A state appeals court says an insurance company doesn’t have to cover a bulldog attack that left a woman hospitalized.
Shawn Lievense’s bulldog, Tank, attacked Sara Hanson and Kathryn Baumann-Mader in Kenosha County in 2015. Police tried to shock Tank with a stun gun but instead shocked Baumann-Mader. Officers then opened fire on Tank but hit Baumann-Mader in the foot. Her injuries required a week in the hospital. She needed twenty-nine staples in her thighs and crotch and surgically implanted hardware in her left foot as a result of the gunshot.
The victims sued Lievense’s insurance company, Integrity Mutual, for compensation. A judge found Integrity’s policy covered only one dog attack and Tank had already bit someone months earlier.
The court’s review of Integrity’s policy found no dispute that it provides “an initial grant of coverage for dog injuries.” The policy states that it will provide liability coverage “arising out of any one loss for which an insured person becomes legally obligated to pay as damages because of bodily injury or property damage, caused by an occurrence  covered by this policy.”

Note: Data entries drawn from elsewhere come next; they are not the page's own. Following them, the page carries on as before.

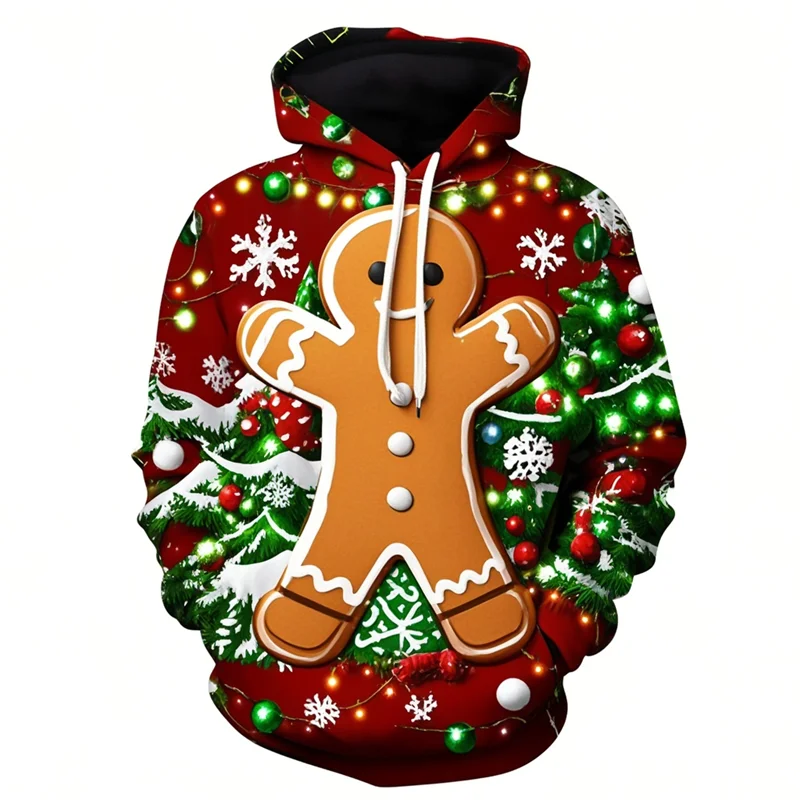 Gingerbread Merry Christmas 3D Printing New In Hoodies & Sweatshirts Christmas Trees Ugly Christmas Sweatshirts Funny Pullovers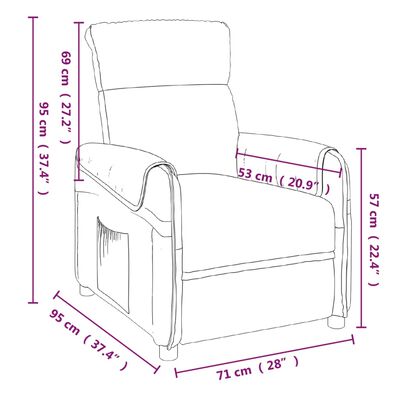 vidaXL Poltrona de massagens elevatória tecido cinzento-escuro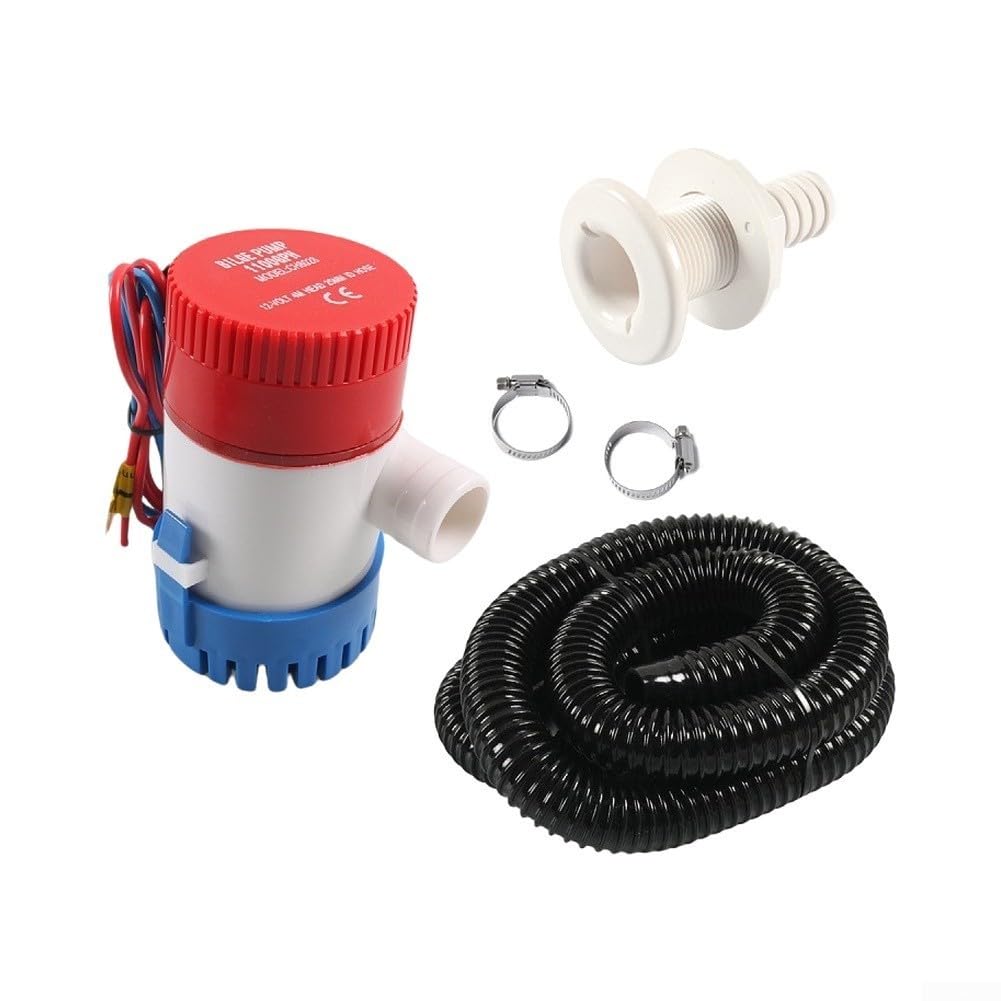 Pompa automatica per sentina 750GPH 12V connettore tubo (1100GPH) | Sensore automatico, per flusso di 750 GPH, motore 12 V DC, ideale per barche, drenaggio rapido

The court found that the policy language is clear in that there is a policy exclusion precluding coverage for subsequent injuries by the same dog. The exclusion provides that “we do not cover” “[b]odily injury or property damage caused by … [a]ny dog with a prior history of causing: (1) Bodily injury to a person,” which is “established through insurance claims records, or through the records of local public safety, law enforcement or other similar regulatory agency.” The exclusion has been in place in Integrity’s policies since at least 2005.
According to the appeals court, “the victims of a dog attack by ‘Tank’, as well as Tank’s owners, ask that we reform the owner’s homeowner’s insurance policy so as to provide coverage for damages Tank caused to the victims.”
The Wisconsin Court of Appeals declined, affirming that Integrity’s policy “unambiguously excludes coverage for injuries caused by a dog that has previously injured a person. The circuit court did not err in granting summary judgment as there are no facts to show that Tank’s owners requested coverage for injuries caused by a dog with a prior history of causing injury to a person or that the insurance agent understood that Tank’s owner desired such coverage and mistakenly failed to secure the alleged coverage at the time the policy was issued.”
The 2nd District Court of Appeals agreed Wednesday, adding Integrity also doesn’t have to cover injuries caused by police since they arose from Tank’s uncovered attack.
The victims’ attorney didn’t immediately reply to an email.
The case is Kathryn Baumann-Mader v. Integrity Mutual Insurance Company 2017AP001369.